The paper studies online fair division of indivisible items, where items arrive one at a time, and each item must be permanently assigned to a player upon arrival. Player utilities are initially unknown and must be learned via bandit-style feedback: there are a finite number of types of goods, and each player’s value for a good of type k is drawn independently from a distribution D_k. The authors aim to maximize utilitarian welfare (the sum of utilities) while satisfying a hard constraint of either envy-freeness in expectation (EFE) or proportionality in expectation (PE).

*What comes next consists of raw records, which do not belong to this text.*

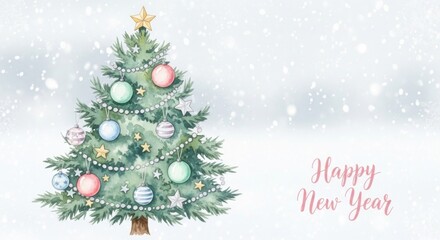 Obraz premium A watercolor Christmas tree with colorful ornaments and snowflakes on a snowy background.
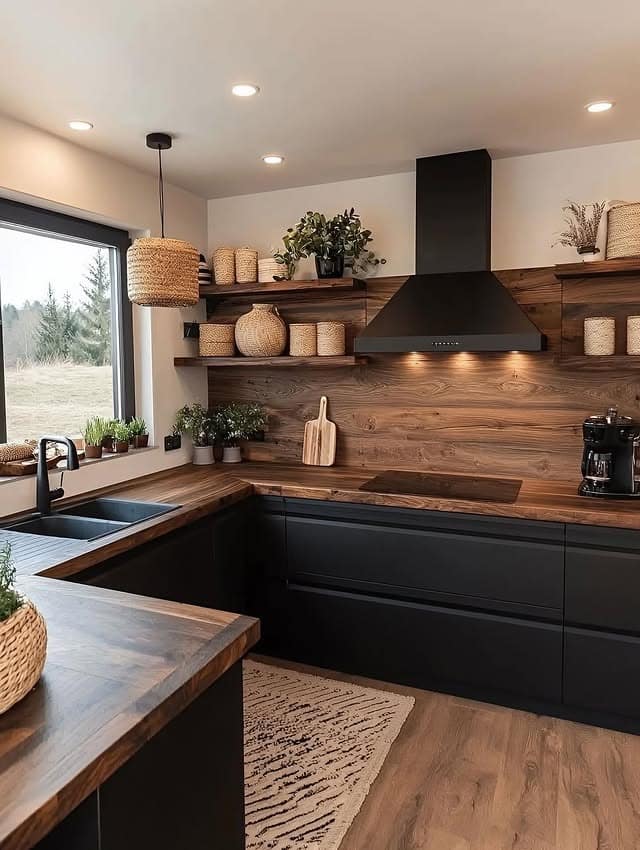 19. Rustic Black and Wood Kitchen with Open Shelving - black and wood kitchen ideas
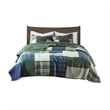 Pemberly Row Contemporary Oversized Cotton Quilt Set in Green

EFE and PE are evaluated with respect to the randomized allocation on each time step. That is, before observing the type of the new item, the learner proposes a randomized allocation X_t which determines how the item will be allocated for each possible type. Each X_t is required to satisfy the fairness constraint (EFE and PE), not the cumulative realized allocation. I initially found this rather unintuitive, but the authors effectively justify this choice by showing that:

  1. Any EFE algorithm achieves realized cumulative envy at most Tlog(T)\sqrt{T} \log(T), while optimal is at least T\sqrt{T}.
  2. EFE at each time step does not cause any welfare loss compared to only requiring EFE at the end.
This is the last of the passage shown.